When archived this data provides a unique insight into the emotional state of a country, with respect to the key issues at stake. Regarding the latter, an analysis of media coverage across Latin America confirmed these to include: politics, the economy, the environment, diversity, corruption, and equality; what we can ‘core’ issues.

So what was the mood of the nation in the last quarter?  Aggregating the emotions associated with these ‘core’ issues in Brazil we discover that anticipation and fear were the predominant emotions expressed across both the Web (public) and the online media (see below).

Technical paper: https://www.insead.edu/faculty-research/publications/working-papers/deepening-our-empathy-with-the-many-voices-of-society-a-social-psychological-approach-to-information-search-and-analytics-41797

Q2 Web (Public)

  • Anger
  • Anticipation
  • Fear
  • Happiness
  • Sadness
  • Suprise
  • Disgust
  • Jealousy
  • Loneliness

Q2 Media

  • Anger
  • Anticipation
  • Fear
  • Happiness
  • Sadness
  • Suprise
  • Disgust
  • Jealousy
  • Loneliness

Digging into the data, when analysing the issue of politics in June, for instance, some nuances (emotional peaks and reversals) emerge across both the Web (public) and reported News media.  But these peaks aren’t registered on the same dates, nor do they reflect the same emotions.  While the date difference could be explained by a delay in publishing and other editorial considerations, what’s more notable is the emotions themselves (below).

The Web (public) peaks in the middle of the month reflect anticipation, happiness and surprise, will the two emotional peaks in the media (actually preceding and following those on the Web) reflect fear and sadness.

We are constantly trying to understand the motivations for these peaks (the events and announcements that may have triggered them, correlations and the direction of any causality etc), but our principle objective – and the role of ECR – is to spot them.

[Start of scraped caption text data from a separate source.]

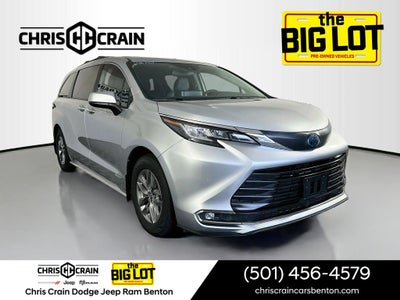 2021 Toyota Sienna XLE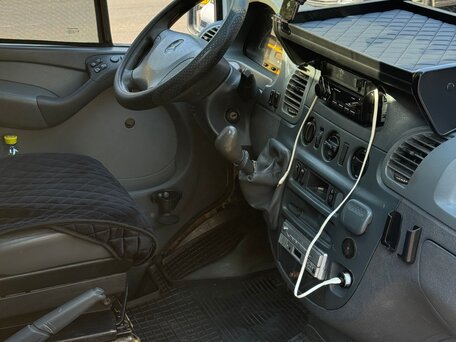 2002 Mercedes-Benz Sprinter, жёлтый, 900000 рублей, вид 5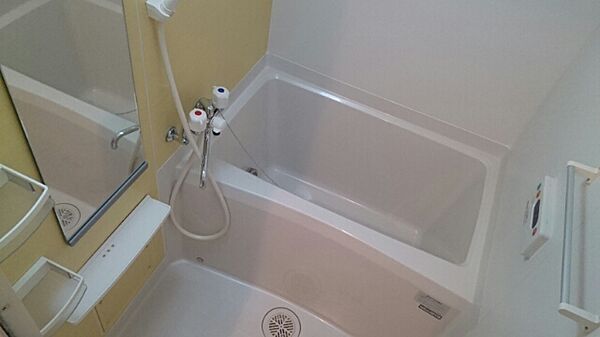 画像5:追い焚き機能&amp;浴室乾燥機付きのバスルームです◆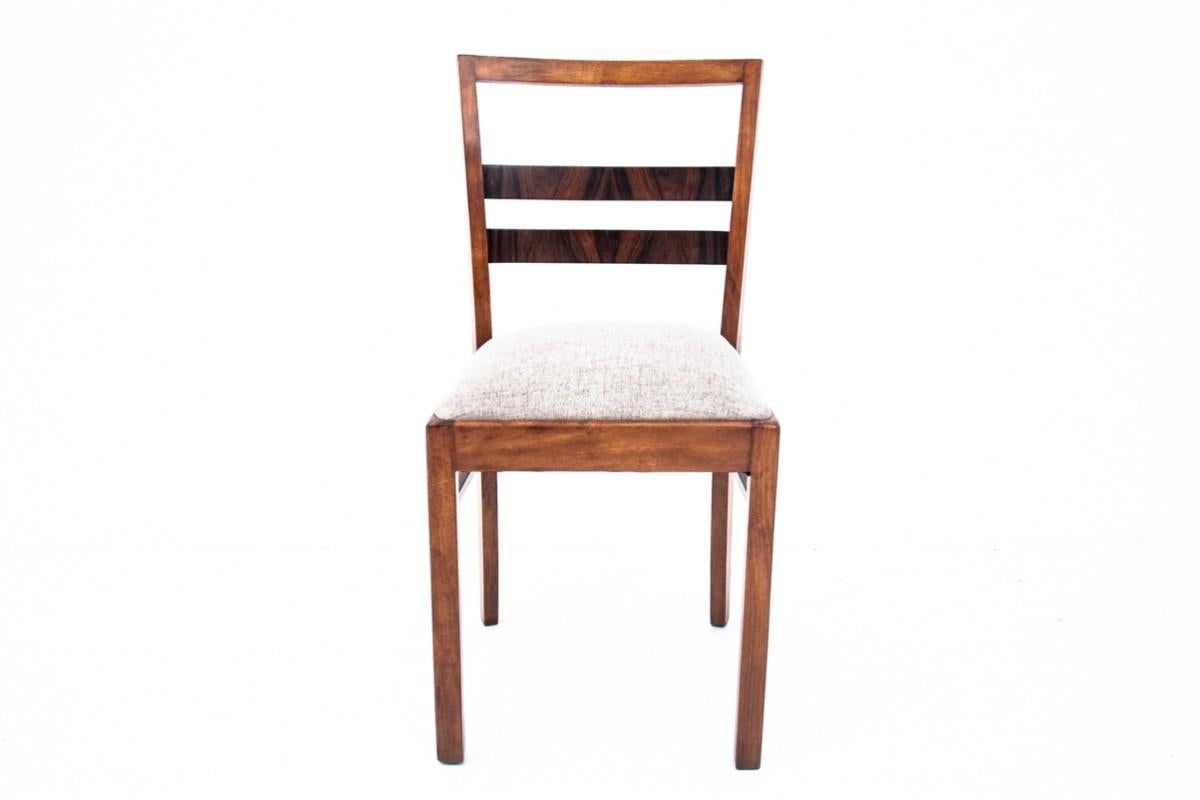 Sedia Art Déco degli anni '30.

L'arredamento è in ottime condizioni, dopo una ristrutturazione professionale. Il sedile è rivestito con un nuovo tessuto.

Dimensioni: altezza 86 cm / altezza seduta. 45 cm / larghezza 41 cm / profondità 48 cm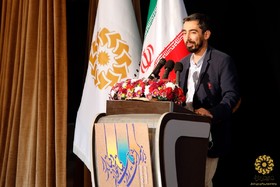 مهدي رمضاني معاون توسعه كتابخانه ها و ترويج كتابخواني نهاد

What is evident – from the above example and many others we’ve generated over the past 9 months – is that the emotions predominantly associated with a particular issue in the media may not mirror those being expressed by the public.

This finding is absolutely fundamental and at odds with so much marketing and advertising strategy that simply presumes societal agreement or interest.  ECR demonstrates that – in terms of editorial and unmediated content – public emotions around an issue can be wildly divergent.

So, how to avoid that dreaded question: ‘What’s upsetting you’?  It starts with listening; and not necessarily on brands’ terms, but on the terms of the audiences they are trying to engage.